While the final Guidelines largely maintain the same aggressive positions of the draft, they introduce more nuanced language that signals more openness to rebuttal evidence than the Draft Guidelines. The most apparent change is an across-the-board shift away from a flat prohibition on certain effects and toward a more traditional warning about the possible consequences when those effects are present. This is an important change to the draft language, which had come under fire for appearing to set forth several rules of per se illegality. For example, in Guideline 2, the draft language stated that “mergers should not eliminate substantial competition between firms,” (emphasis added), signaling the possibility that the agencies would challenge any merger between rivals even when remaining competitors would discipline any post-merger attempt to raise prices or reduce output or quality. In contrast, the final language states that “mergers can violate the law when they eliminate substantial competition between firms” (emphasis added), affirming what has always been the case.

Other changes similarly addressed critiques received during the comment period. For example, the final Guidelines eliminated a draft guideline separately addressing vertical merger concerns. They also eliminated a “catch-all” guideline that condemned mergers that “otherwise” substantially lessened competition (Draft Guideline 13), a provision heavily criticized for eliminating all predictability in enforcement, which is the primary reason for publishing guidelines at all.

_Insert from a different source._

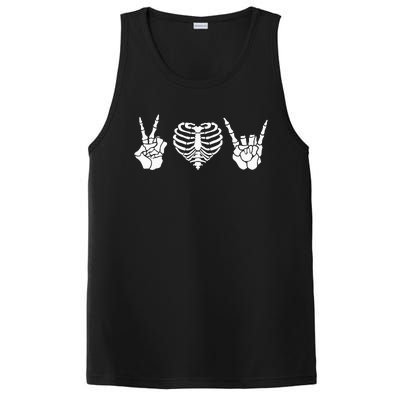 Peace Love Rock & Roll Skeleton Hand Halloween Music Concert PosiCharge Competitor Tank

Even with the final Guidelines’ changes from the draft, the Guidelines represent a much more aggressive enforcement approach over the 2010 Guidelines. For example, the 2023 Guidelines significantly lower the concentration threshold at which competitive harm from a merger is presumed, setting the bar for presumptive illegality at a level of concentration and market share that the 2010 Guidelines considered only potentially problematic. In addition, the final Guidelines adopt an expansive definition of actionable competitive harm that encompasses not only price increases or quality or output decreases, but any “worsening of the terms along any dimension of competition,” such as quality, service, capacity investment, product choice or features, or innovative effort. Although these are well-recognized facets of competition, the Guidelines use them, for the first time, to define who is a market participant. This potentially excludes from the market any firms that may not detect and respond to an incumbent’s small but significant reduction in, for example, its confidential capital budget or its R&D budget (which is most likely all other firms). The incorporation of such hard-to-measure standards effectively gives the agencies carte blanche to define the competitor field in the way most advantageous to a challenge by excluding significant competitors from the relevant market simply because they do not have the ability to detect and respond to these changes. Although agency practice may not exploit this ability in all cases, the chief economists for both agencies affirmed on December 19th that the intent is to “facilitate the application of these principles in a wide range of circumstances.”

The aggressive policies reflected in the Guidelines will be tested in court, and they face an uncertain prospect of success. It is happening already. The final Guidelines doubled down on the draft’s condemnation of mergers that eliminate potential or nascent competitors, and established a higher bar for rebuttals based on likely competitive entry than the agency would need to establish the required threat of competitive harm. Yet this was the theory on which the FTC brought and lost its challenges to Meta’s acquisition of Within Unlimited and Microsoft’s acquisition of Activision Blizzard (appeal pending before the Ninth Circuit). If there develops a significant divide between the Guidelines and court decisions, the utility of the Guidelines will diminish.